The efficiency and quality of acoustic processing can be effectively improved by above-mentioned improvement.
It, need to be in the base of existing two channel loudspeaker when the triple-track voice signal obtained by adopting the above technical scheme plays
Increase third channel loudspeaker on plinth, the third sound channel is when playing, loudspeaker and the first channel loudspeaker and the rising tone
Road loudspeaker is on concentric circles, and the angle between the first channel loudspeaker and second sound channel loudspeaker is identical, such as Fig. 2 institute
Show.It, can also be by the first channel loudspeaker, second sound channel loudspeaker and third channel loudspeaker cloth in actual loudspeaker arrangement
It sets point-blank.When the first channel loudspeaker and smaller second sound channel loudspeaker angles, lip synch error resulting from
Cannot be discovered by human ear, at this point, third channel loudspeaker will translate downwards in Fig. 2, device outerplanar and the first channel loudspeaker and
Second sound channel loudspeaker is point-blank.It, can be in more professional application (such as recording studio, post-production and monitoring)
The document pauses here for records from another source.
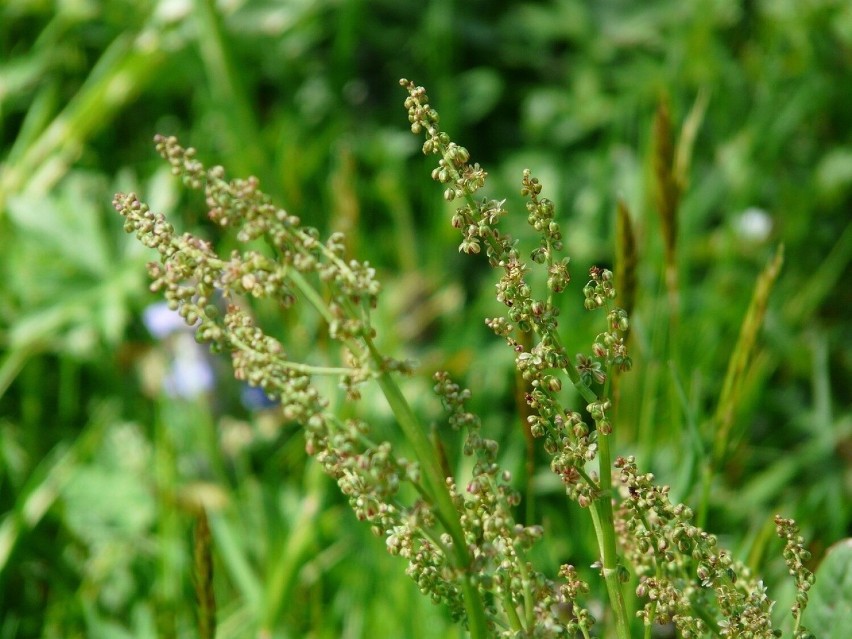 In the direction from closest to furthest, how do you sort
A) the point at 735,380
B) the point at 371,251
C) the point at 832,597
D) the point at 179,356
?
the point at 832,597
the point at 735,380
the point at 179,356
the point at 371,251

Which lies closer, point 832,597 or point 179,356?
point 832,597

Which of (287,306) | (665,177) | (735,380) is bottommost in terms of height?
(287,306)

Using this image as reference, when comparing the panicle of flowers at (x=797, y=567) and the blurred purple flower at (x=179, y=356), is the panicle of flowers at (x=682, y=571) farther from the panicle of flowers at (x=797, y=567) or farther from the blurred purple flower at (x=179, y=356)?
the blurred purple flower at (x=179, y=356)

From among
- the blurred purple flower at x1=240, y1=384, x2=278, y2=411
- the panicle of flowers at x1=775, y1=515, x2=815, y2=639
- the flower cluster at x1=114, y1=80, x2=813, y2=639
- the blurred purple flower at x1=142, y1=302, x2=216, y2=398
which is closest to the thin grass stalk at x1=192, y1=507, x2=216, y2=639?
the flower cluster at x1=114, y1=80, x2=813, y2=639

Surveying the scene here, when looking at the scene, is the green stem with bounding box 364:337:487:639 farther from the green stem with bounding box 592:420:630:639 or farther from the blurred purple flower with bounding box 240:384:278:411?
the blurred purple flower with bounding box 240:384:278:411

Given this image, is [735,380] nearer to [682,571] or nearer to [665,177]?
[665,177]

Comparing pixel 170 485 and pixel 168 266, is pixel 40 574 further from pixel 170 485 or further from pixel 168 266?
pixel 168 266

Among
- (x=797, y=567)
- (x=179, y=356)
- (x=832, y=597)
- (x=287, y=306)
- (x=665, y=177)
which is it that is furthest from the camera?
(x=179, y=356)

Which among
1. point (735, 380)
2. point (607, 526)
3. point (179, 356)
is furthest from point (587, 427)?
point (179, 356) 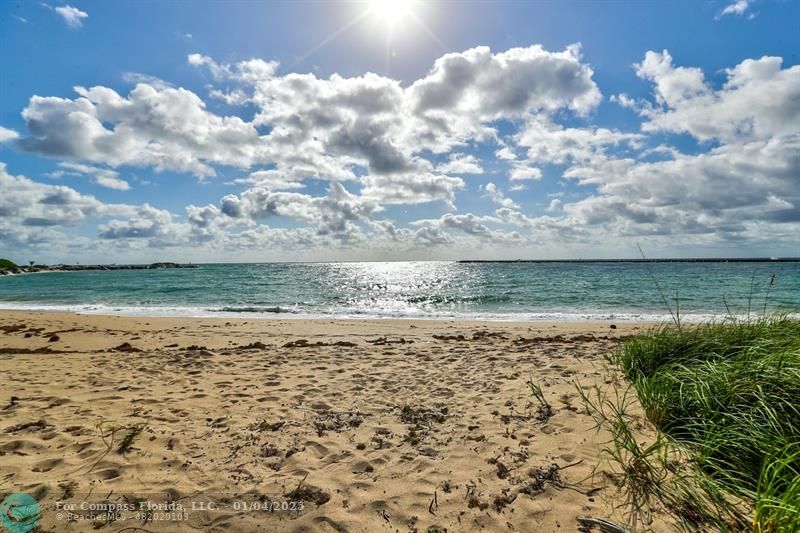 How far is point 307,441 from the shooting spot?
177 inches

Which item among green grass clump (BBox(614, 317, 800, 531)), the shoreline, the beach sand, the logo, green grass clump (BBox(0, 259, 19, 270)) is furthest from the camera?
green grass clump (BBox(0, 259, 19, 270))

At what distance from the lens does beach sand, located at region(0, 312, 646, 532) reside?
322 cm

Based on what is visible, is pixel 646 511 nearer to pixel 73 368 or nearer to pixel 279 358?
pixel 279 358

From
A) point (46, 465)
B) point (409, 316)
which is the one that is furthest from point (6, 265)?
point (46, 465)

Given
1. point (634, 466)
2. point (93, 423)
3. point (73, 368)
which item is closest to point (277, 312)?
point (73, 368)

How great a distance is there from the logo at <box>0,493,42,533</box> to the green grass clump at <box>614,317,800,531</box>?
18.4 feet

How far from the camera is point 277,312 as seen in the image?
68.7 ft

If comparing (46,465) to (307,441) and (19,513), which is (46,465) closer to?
(19,513)

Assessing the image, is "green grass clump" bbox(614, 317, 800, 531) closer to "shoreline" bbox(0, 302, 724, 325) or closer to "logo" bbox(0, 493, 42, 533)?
"logo" bbox(0, 493, 42, 533)

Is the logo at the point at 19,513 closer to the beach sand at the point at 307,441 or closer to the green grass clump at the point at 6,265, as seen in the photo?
the beach sand at the point at 307,441

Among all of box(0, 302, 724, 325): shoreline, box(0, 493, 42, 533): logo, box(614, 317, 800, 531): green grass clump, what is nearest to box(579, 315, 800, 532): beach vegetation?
box(614, 317, 800, 531): green grass clump

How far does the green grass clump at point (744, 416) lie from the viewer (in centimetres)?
268

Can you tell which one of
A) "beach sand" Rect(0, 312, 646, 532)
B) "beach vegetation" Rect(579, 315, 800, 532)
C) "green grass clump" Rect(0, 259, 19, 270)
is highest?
"green grass clump" Rect(0, 259, 19, 270)

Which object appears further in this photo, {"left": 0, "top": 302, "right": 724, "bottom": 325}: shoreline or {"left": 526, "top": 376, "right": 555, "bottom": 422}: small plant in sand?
{"left": 0, "top": 302, "right": 724, "bottom": 325}: shoreline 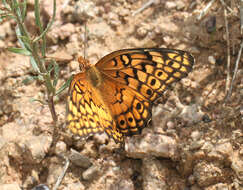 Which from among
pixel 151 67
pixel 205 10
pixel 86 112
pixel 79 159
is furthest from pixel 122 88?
pixel 205 10

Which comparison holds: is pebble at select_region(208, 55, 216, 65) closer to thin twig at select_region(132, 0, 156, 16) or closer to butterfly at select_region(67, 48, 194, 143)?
butterfly at select_region(67, 48, 194, 143)

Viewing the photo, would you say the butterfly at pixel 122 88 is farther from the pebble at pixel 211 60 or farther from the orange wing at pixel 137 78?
the pebble at pixel 211 60

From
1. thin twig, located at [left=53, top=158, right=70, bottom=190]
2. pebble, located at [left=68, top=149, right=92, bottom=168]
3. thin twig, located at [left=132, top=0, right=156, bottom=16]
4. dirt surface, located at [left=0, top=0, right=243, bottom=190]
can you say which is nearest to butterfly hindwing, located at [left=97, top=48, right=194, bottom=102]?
dirt surface, located at [left=0, top=0, right=243, bottom=190]

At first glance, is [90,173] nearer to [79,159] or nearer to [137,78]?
[79,159]

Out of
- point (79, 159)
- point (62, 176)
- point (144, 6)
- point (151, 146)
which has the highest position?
point (144, 6)

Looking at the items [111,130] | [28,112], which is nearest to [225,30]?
[111,130]

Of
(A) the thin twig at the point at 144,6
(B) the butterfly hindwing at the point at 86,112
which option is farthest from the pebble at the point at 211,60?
(B) the butterfly hindwing at the point at 86,112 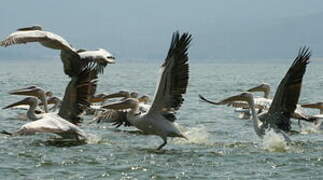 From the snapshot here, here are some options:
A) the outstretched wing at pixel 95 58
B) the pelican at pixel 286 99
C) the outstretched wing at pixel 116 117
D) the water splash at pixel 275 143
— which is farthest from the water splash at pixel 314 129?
the outstretched wing at pixel 95 58

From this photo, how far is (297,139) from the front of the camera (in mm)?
14070

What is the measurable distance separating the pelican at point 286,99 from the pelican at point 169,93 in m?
1.34

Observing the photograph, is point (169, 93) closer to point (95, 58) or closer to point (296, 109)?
point (95, 58)

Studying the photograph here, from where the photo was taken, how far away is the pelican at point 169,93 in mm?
11383

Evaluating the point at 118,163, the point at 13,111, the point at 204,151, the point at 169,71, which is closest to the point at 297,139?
the point at 204,151

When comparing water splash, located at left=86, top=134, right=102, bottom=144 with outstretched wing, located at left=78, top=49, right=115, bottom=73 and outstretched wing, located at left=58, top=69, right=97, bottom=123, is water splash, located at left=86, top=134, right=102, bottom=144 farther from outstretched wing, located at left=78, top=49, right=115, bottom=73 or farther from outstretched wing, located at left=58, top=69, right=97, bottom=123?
outstretched wing, located at left=78, top=49, right=115, bottom=73

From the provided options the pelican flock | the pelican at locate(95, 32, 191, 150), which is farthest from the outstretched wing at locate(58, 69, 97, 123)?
the pelican at locate(95, 32, 191, 150)

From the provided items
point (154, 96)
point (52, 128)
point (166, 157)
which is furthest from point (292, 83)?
point (52, 128)

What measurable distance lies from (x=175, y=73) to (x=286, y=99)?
1.84 metres

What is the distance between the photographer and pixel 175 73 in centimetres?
1147

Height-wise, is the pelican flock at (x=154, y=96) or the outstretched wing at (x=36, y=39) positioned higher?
the outstretched wing at (x=36, y=39)

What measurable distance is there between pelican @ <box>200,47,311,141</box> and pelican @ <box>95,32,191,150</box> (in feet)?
4.39

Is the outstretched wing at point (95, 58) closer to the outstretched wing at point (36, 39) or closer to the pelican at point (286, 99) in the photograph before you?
the outstretched wing at point (36, 39)

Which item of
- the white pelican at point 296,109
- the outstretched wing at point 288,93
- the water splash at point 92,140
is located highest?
the outstretched wing at point 288,93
According to the regulation of ITU standard, the mode that the center of circle is directed toward in loudspeaker axle center puts loudspeaker.
First channel loudspeaker and second sound channel loudspeaker can raise the left speaker of system for stereophony
With right loudspeaker, it is also possible to any two adjacent loudspeakers of any other multi-channel system.
As described above, must not be explained although the present invention has been indicated and described referring to specific preferred embodiment
For the limitation to invention itself.It without prejudice to the spirit and scope of the invention as defined in the appended claims, can be right
Various changes can be made in the form and details for it.